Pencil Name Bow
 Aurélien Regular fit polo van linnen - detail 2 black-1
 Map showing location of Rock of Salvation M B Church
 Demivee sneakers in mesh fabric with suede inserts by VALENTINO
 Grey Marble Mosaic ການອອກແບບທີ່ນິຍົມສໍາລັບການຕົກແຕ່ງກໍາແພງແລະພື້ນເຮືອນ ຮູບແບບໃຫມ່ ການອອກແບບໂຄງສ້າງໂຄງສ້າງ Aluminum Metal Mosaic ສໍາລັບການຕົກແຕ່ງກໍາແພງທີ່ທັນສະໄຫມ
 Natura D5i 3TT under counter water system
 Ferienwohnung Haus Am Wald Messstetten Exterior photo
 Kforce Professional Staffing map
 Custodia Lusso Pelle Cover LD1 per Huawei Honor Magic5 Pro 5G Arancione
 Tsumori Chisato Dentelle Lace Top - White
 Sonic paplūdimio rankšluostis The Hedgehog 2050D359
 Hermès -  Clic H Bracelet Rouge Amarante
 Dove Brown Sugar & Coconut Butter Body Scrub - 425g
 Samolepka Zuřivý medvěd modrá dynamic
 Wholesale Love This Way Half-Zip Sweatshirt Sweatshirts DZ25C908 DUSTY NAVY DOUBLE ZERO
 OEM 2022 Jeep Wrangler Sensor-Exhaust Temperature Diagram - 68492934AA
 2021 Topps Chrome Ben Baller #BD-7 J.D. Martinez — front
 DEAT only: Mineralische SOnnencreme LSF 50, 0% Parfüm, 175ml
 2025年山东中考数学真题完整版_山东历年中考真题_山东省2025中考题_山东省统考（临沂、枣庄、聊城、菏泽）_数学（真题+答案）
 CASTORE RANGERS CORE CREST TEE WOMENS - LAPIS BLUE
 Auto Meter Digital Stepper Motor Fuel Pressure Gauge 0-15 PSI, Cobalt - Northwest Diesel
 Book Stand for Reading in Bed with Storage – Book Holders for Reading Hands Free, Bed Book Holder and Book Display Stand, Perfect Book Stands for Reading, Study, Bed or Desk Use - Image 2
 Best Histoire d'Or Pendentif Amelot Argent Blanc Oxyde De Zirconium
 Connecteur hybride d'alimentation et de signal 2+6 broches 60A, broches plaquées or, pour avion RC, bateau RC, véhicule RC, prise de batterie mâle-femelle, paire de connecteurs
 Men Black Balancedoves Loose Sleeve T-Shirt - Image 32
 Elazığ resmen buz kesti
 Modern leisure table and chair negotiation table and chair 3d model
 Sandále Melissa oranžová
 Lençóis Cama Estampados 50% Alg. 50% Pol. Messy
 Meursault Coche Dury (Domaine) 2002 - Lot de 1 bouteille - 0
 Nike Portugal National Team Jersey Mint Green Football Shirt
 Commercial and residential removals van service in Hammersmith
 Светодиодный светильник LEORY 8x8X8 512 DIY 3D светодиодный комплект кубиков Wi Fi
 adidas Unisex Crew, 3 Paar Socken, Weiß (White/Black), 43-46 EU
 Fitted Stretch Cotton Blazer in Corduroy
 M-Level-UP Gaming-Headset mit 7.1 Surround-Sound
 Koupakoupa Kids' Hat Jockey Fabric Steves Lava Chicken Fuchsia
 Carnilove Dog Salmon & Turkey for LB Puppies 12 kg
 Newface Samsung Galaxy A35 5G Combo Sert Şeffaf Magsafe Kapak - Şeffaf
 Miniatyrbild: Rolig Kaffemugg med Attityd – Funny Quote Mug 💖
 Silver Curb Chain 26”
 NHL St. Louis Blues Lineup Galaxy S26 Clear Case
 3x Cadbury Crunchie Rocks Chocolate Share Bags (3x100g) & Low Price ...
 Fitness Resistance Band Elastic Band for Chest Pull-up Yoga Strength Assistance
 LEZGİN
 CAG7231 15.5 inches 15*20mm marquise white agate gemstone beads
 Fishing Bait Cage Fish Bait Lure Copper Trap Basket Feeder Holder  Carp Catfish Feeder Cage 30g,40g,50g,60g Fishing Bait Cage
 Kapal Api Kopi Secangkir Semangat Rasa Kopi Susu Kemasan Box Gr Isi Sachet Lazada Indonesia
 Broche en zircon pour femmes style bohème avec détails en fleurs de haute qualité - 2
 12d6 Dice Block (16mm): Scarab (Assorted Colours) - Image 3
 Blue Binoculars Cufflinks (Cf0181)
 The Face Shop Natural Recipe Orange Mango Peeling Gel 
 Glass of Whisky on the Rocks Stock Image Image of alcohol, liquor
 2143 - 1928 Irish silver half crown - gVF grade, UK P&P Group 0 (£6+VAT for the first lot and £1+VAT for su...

______________________________

◆ About this exercise ◆
Scan the entries and show every line in which the word "Rocks" is found.

◆ Completed exercise ◆
 3x Cadbury Crunchie Rocks Chocolate Share Bags (3x100g) & Low Price ...
 Glass of Whisky on the Rocks Stock Image Image of alcohol, liquor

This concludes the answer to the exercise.